With MLton and mlprof, you can profile your program to
find out how many bytes each function allocates.  To do so, compile
your program with -profile alloc.  For example, suppose that
list-rev.sml is the following.
fun append (l1, l2) =
   case l1 of
      [] => l2
    | x :: l1 => x :: append (l1, l2)
fun rev l =
   case l of
      [] => []
    | x :: l => append (rev l, [x])
val l = List.tabulate (1000, fn i => i)
val _ = 1 + hd (rev l)
Compile and run list-rev as follows.
% mlton -profile alloc list-rev.sml
% ./list-rev
% mlprof -show-line true list-rev mlmon.out
6,030,136 bytes allocated (108,336 bytes by GC)

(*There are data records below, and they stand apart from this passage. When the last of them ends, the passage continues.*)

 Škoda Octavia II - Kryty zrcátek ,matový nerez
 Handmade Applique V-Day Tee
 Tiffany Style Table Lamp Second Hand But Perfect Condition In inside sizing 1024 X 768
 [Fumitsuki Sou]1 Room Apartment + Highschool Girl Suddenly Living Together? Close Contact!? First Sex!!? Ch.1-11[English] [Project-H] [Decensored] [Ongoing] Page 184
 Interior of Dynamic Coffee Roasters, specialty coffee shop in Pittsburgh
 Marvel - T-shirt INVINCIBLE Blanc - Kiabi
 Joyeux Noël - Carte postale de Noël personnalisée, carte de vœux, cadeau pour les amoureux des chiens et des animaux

       function          cur
----------------------- -----
append  list-rev.sml: 1 97.6%
<gc>                     1.8%
<main>                   0.4%
rev  list-rev.sml: 6     0.2%
The data shows that most of the allocation is done by the append
function defined on line 1 of list-rev.sml.  The table also shows
how special functions like gc and main are handled: they are
printed with surrounding brackets.  C functions are displayed
similarly.  In this example, the allocation done by the garbage
collector is due to stack growth, which is usually the case.
The run-time performance impact of allocation profiling is noticeable, because it inserts additional C calls for object allocation.
Compile with -profile alloc -profile-branch true to find out how
much allocation is done in each branch of a function; see
ProfilingCounts for more details on -profile-branch.